- Exercise -
Could you print all the entries below exactly as they appear, omitting the pictures?

- Material for this task -
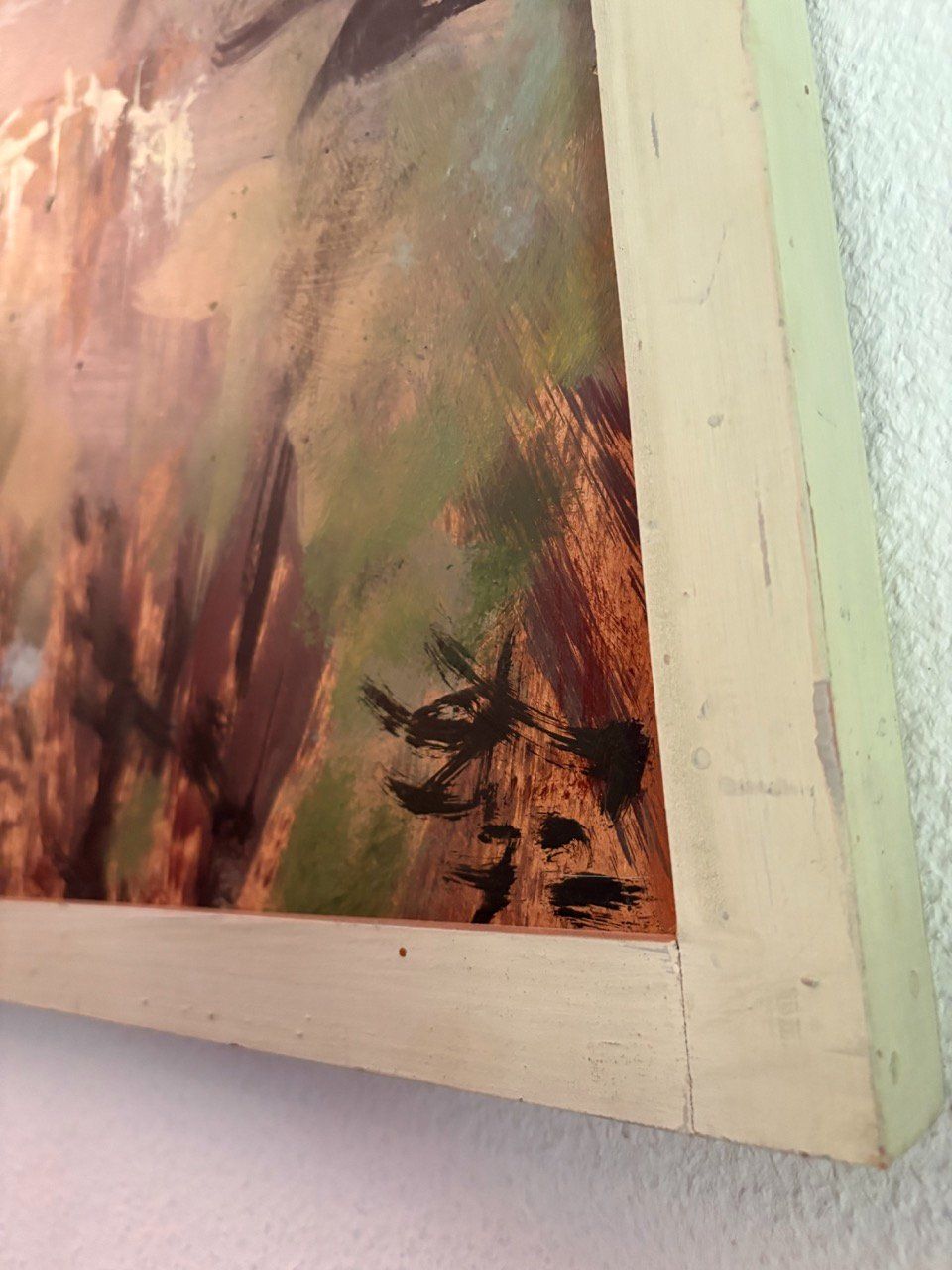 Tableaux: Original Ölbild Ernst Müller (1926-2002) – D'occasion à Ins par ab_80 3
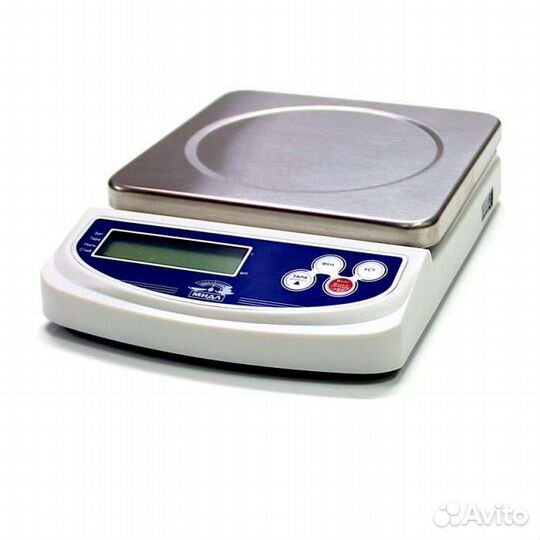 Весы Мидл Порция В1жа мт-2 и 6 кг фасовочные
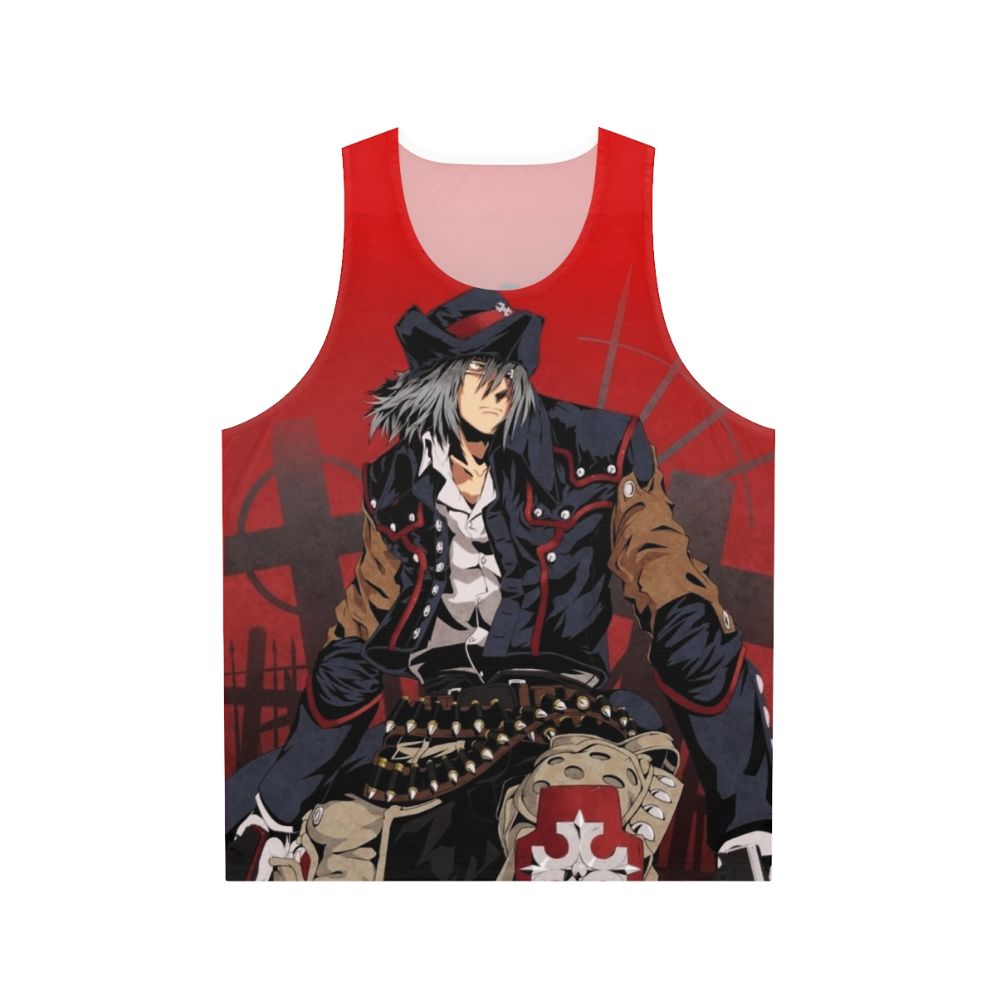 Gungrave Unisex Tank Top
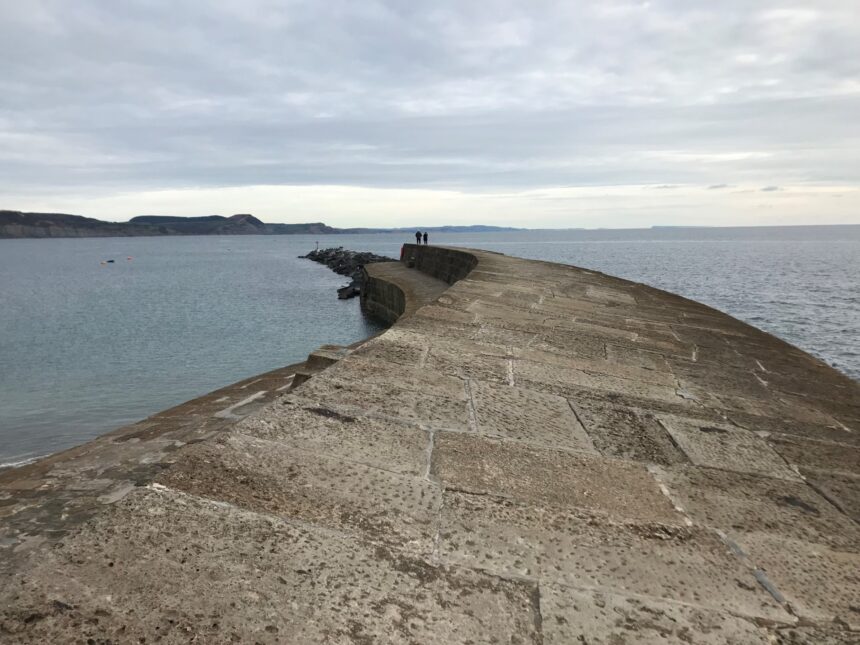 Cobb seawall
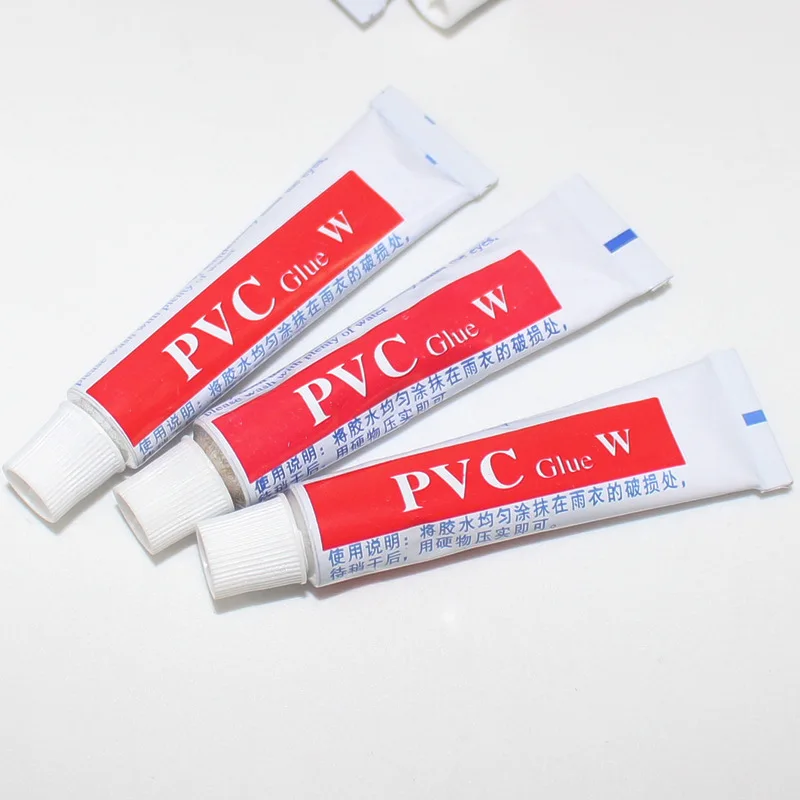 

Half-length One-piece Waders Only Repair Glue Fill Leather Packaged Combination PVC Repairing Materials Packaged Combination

- The completed task -
 Tableaux: Original Ölbild Ernst Müller (1926-2002) – D'occasion à Ins par ab_80 3
 Весы Мидл Порция В1жа мт-2 и 6 кг фасовочные
 Gungrave Unisex Tank Top
 Cobb seawall

Half-length One-piece Waders Only Repair Glue Fill Leather Packaged Combination PVC Repairing Materials Packaged Combination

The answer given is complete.